A las 20:15 del mismo día de ayer hace diez años, mi vida cambió.
Podría deciros qué día de
la semana era sin consultar un calendario (era viernes), o lo que comí ese día
(cachopos de pollo al champán); si era la primera vez que me maquillaba (no) en
condiciones (sí) o el calzado que llevaba (zapatos de tacón grises que aún
tengo en una caja, aunque nunca se me llegaran a ver). Lo que estaba haciendo quince
minutos antes, tumbada en un suelo que han pisado y adorado personas mucho más
grandes antes que yo, y que también pisaron y adoraron después, y pisarán y
adorarán incluso cuando ninguno de los que me acompañaban tratando de controlar
la respiración y haciendo caso omiso del zumbido de fondo del público
sentándose al otro lado del telón siga haciéndolo. Podría deciros la sensación
de correr sola por los pasillos del teatro, ya vacíos, mientras sonaban los
timbrazos indicando que la obra estaba a punto de comenzar, en dirección al
palco desde el que se me vería en soledad. O las primeras frases de un monólogo
que, curiosamente, repito más o menos diez años después, aunque en otro municipio,
y hablando de un gobierno municipal que me afecta más que ese que bailaba entre
condenar los botellones, evitando así la anarquía y el libertinaje, o
permitirles a los jóvenes un espacio de ocio en el que socializar.
Seguramente no recordéis
qué estabais haciendo el 6 de mayo de 2011 a las ocho y cuarto de la tarde,
excepto si estuvisteis ahí desde por la mañana. Yo lo recuerdo de sobra: sacar
por fin la tarta en la fiesta de cumpleaños que habían sido todos los miércoles
desde octubre de ese curso 2010-2011, en el que me sentí por primera vez como en
las películas y series sobre dramas adolescentes. En un grupo. Con una segunda
familia a la que sólo veía una vez a la semana, pero con la que jugaba y reía
como si la conociera de toda la vida, con la que formaba casas que se deshacían
en terremotos o me dejaba caer de espaldas, confiando en que me cogerían. Una familia
que, como las nubes en un día de primavera, crece y mengua conforme pasa el
tiempo, conforme se van graduando, hasta que un día me tocó a mí y fui yo la
que tuvo que sentarse en ese patio de butacas, a pesar de que era el nombre de
mi instituto el que estaba estampado en las entradas-invitación de esa función.
Rosana, Lucía, Alba, Laura, Luz, Lali, Tita, Noemí, Berta, Palilo, Amanda, Tomy,
Ana, Iván, Eli, Paula… y muchos, muchos más. Grabados en mi corazón no a fuego,
porque el fuego abrasa y hace daño, sino a olas; las ondas sonoras de los aplausos
cuando se bajó el telón por primera vez.

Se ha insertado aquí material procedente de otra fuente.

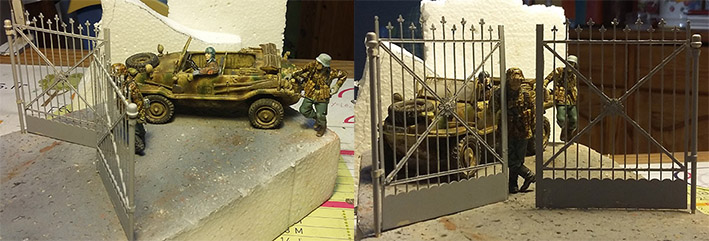 En attente à l'usine bleue ......Aber/Plus Model/Mk 35/AFV club 1/35 15123010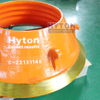 High Manganese Steel Bowl Liner SC2213 1148 TRIO17051769 Apply to Trio TC51 Cone Crusher Machine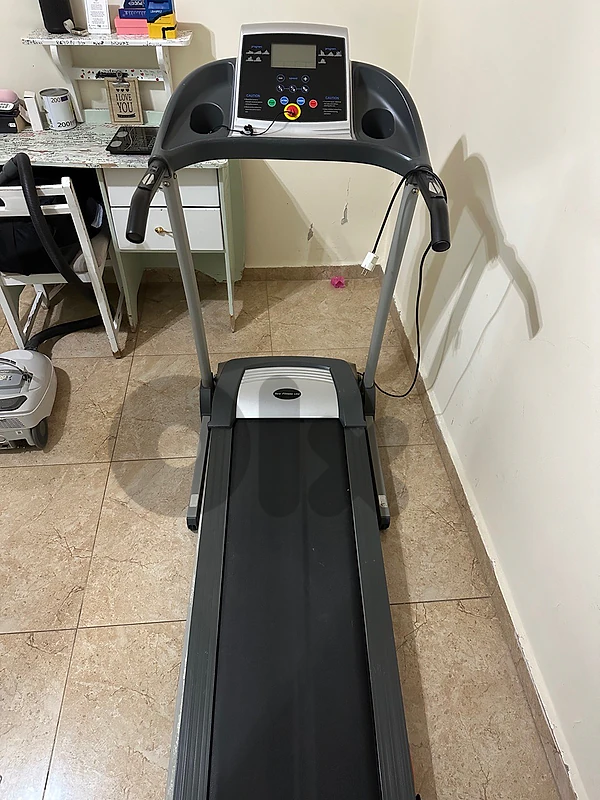 Used treadmill in good condition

Ondas que todavía hoy, diez años (y un
día) después puedo escuchar y que me hacen cosquillas en la boca del estómago, dándome
un calorcito que también asocio a todos esos nombres. Y hay uno, especialmente,
que resuena sobre los demás: Lueje. Al que le escribí una frase que me da
demasiada vergüenza reproducir aquí, tan sonora en esa ambición sin vergüenza
propia de mi yo de adolescente. El que nos decía que nos relajáramos, que no
miráramos al otro lado del telón, que nos concentráramos en nuestra
respiración, que estábamos en un prado, y que las flores, para los muertos.
Hace diez años que mi
vida cobró un nuevo sentido. Diez años de ese momento en el que me convertí en
aquello que siempre será una espinita clavada en mi corazón, incluso ahora que
he terminado cogiéndole el gusto a algo de lo que renegaba antes de entrar en
la universidad.
Diez años y un día de que
hice mía la palabra más hermosa que hay en el español, dedicada a la mujer:
actriz.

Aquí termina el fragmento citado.